Mansfield devised his system to “show my contempt for the present system, yet not punish students who take my course. My intent was to get attention and to provoke some new thinking.” An October 2001 Boston Globe report that found 91 percent of the Spring 2001 graduates from Harvard graduated with honors. By year’s end Harvard required faculty to justify their individual grading approaches.
Meanwhile, Temple University has been sued by a tenured professor who had been fired on the ground of incompetence who said he was dismissed because he refused to give in to Temple’s pressure on him to inflate grades and “dummy down” course work. Math Professor Martin Eisen, who had worked at Temple for 35 years, was put on paid leave in 1999 while the university investigated students’ complaints over his grading. Three faculty committees had examined the Eisen case, and the president of the Faculty Senate, economics Professor Michael Goetz, told the Associated Press that “great care” had been taken. Nevertheless, he admitted grade inflation existed at Temple — just no more than at “any other university in the United States.”

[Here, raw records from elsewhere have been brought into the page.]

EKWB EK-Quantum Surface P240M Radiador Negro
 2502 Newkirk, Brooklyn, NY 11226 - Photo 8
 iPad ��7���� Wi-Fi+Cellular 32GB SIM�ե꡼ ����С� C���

In recent years, the grading debate hit both UNC-CH and Duke. A report published Feb. 16, 1998, in The Daily Tar Heel (“A is for ‘average’,” by Mary Dalrymple), found that “three-quarters of all grades given in undergraduate classes are A’s or B’s… 38 percent of all grades given were A’s, 37 percent were B’s, and only 17 percent were C’s.” In 1981, however, “about 25 percent of grades in such classes were A’s and 27 percent were C’s.” Two years later, a UNC-CH faculty report found 77 percent of undergraduate grades were A’s and B’s.
In 1997 Duke nearly changed how it calculates GPAs after a study found the mean GPA there had risen from 2.7 in 1969 to 3.3 in 1996. Statistics Professor Valen Johnson devised an “achievement index” that would have used an algorithm to compute GPAs according to the difficulty level of their courses, crediting students for doing well in difficult classes and also for taking classes with other students who had performed well in difficult classes.
The proposal failed in the Arts and Sciences Council by a 19-14 vote. Johnson told The Chronicle of Higher Education that the vote had gone according to discipline, with most professors in the so-called hard sciences voting in favor, while most professors in the humanities and social sciences voting against it.
Now a professor of biostatistics at the University of Michigan School of Public Health, Johnson is the author of the forthcoming book College Grading: A National Crisis in Undergraduate Education (Springer-Verlag).
Sanders is assistant editor of Carolina Journal.